Michael Ubaldi, April 28, 2003.
 

David Lewis Schaefer moonlights at National Review Online, discussing the disappointing arrogance that swept over Gandhi in his appraisal of the tides of evil prior to the Second World War.

Gandhi is celebrated no more in my mind than any other historical figure. He did indeed free India fro British colonial rule but in his idealist abstraction, devoured the moment of his triumph and wrongly proclaimed his satyagrahi as the panacea for world order and stability. Like a 1950s salesman who'd have you believe that baking soda can make a great birthday cake while it cures influenza, gets you better gas mileage and delouses the dog, Gandhi refused to accept the circumstance and resolution of his experience as necessarily unique. A dying, toothless empire on the verge of a graceful collapse into sincere, representative government would never have violently challenged peaceful protest.
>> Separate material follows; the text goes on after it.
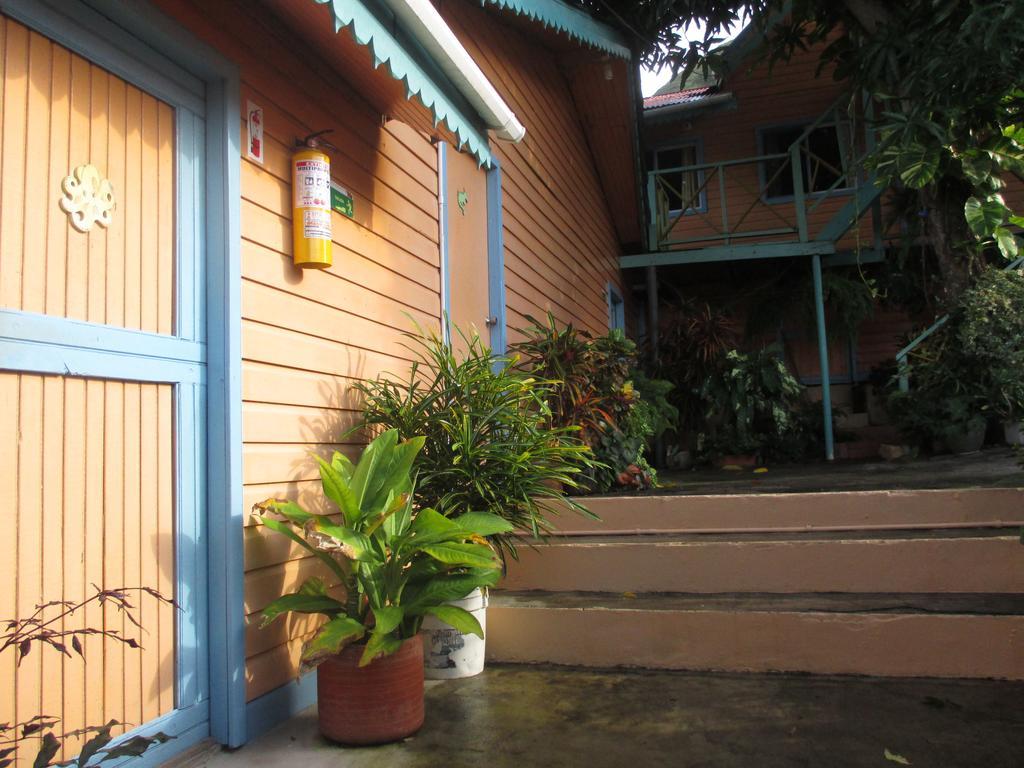 Hotel Flemming Tree Providencia Island Екстериор снимка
But Lenin smashed nonviolent resistence to pieces, as did Franco and certainly, Hitler. Gandhi, a man who arbitrarily promoted himself to infallible sage, thought otherwise:

Of course, Gandhi added, “the German persecution of the Jews seems to have no parallel in history,” and “if there ever could be a justifiable war in the name of and for humanity, a war against Germany, to prevent the wanton persecution of a whole race, would be completely justified.” Hitler’s regime was showing the world “how efficiently violence can be worked when it is not hampered by any hypocrisy or weakness masquerading as humanitarianism.” Nonetheless, the Hindu leader rejected that notion, since “I do not believe in any war.” And for Britain, France, and America to declare war on Hitler’s regime would bring them “no inner joy, no inner strength.”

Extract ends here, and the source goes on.